Hector Santos wrote:
> ----- Original Message -----
> From: "Jim Fenton" <[EMAIL PROTECTED]>
> To: "Eric Allman" <[EMAIL PROTECTED]>
> Cc: "Mark Delany" <[EMAIL PROTECTED]>; <ietf-dkim@mipassoc.org>
> Sent: Monday, May 01, 2006 7:59 PM
> Subject: Re: [ietf-dkim] Re: dkim-base-01 nits and semi-nits
>
>
>   
>> "Treat as unsigned" seems a little ambiguous when there might be
>> multiple signatures.  It might be interpreted as "treat the message as
>> though it is completely unsigned" as opposed to "consider this signature
>> invalid" which I think is your intent.
>>     
>
> Jim,
>
> I hope not.
>
> I understand the proposed pseudo procedure to handling multiple signatures,
> looking for one that "works,",  but it completely fascinates me to think how
> failure state information can be ignored.
>
> How can one treat, view or interpret a failure signature as "unsigned" when
> in fact, it was signed?
>   
I don't think the wording "consider this signature invalid" requires the
verifier to consider a signature failure as "unsigned".  Yes, as I said
in http://article.gmane.org/gmane.ietf.dkim/1751, I think one should
consider failed signatures as if they aren't there, but I'm not sure
that's something to include in the -base specification.  Other
opinions?  How prescriptive should we be about how the verifier handles
this?

Here's a good "if a tree falls in the woods..." sort of question to
ponder:  If someone attaches a DKIM-Signature header field that they
know is invalid to a message, was the message signed?  If not, how can
you say that "in fact, it was signed"?
> Continuing processing is one thing,  but treated it as it never happen?  I
> fail to see this logic. Even if not rejected, but logged or flagged, that is
> not treated it as it was unsigned.
>
> If I was a domain signer, and I was responsible for this mail with my
> reputation on the line, I would want the verifier to prune all failures
> because it was not what I expected and I don't want potentially harmful
> mail, which is probably isn't mind to begin with, reaching the intended
> end-user.
>   
Keep that thought for the SSP discussion.

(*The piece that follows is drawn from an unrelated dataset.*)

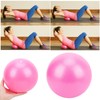 QANYEGN 25cm Heavy Duty Yoga Exercise Ball, 3 Colors Pilates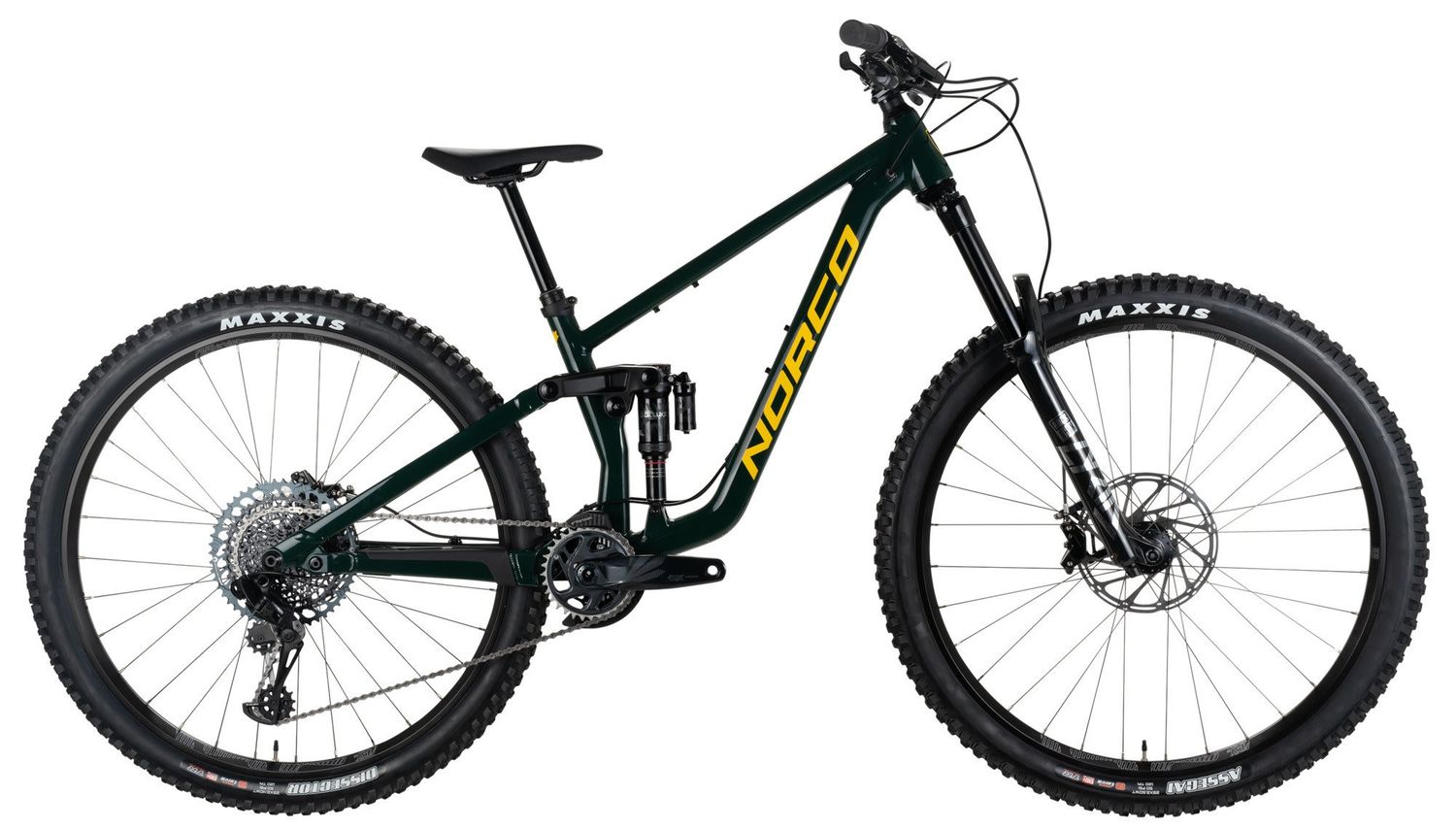 Norco Sight A1 M29 Green/Yellow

> And even if the verifier is not going to reject, I certainly do not want it
> to ignore the fact there was a failure with mail purported to be from
> domain.
>
> So what or how should the verifier do?  What is expected of them by domain
> signers?
>
> I can only see this work if the verifiers gets help from the domain itself
> having an email policy that tells verifiers how to handle failures.
>   
That's a direction we could go with SSP, when we get to that discussion.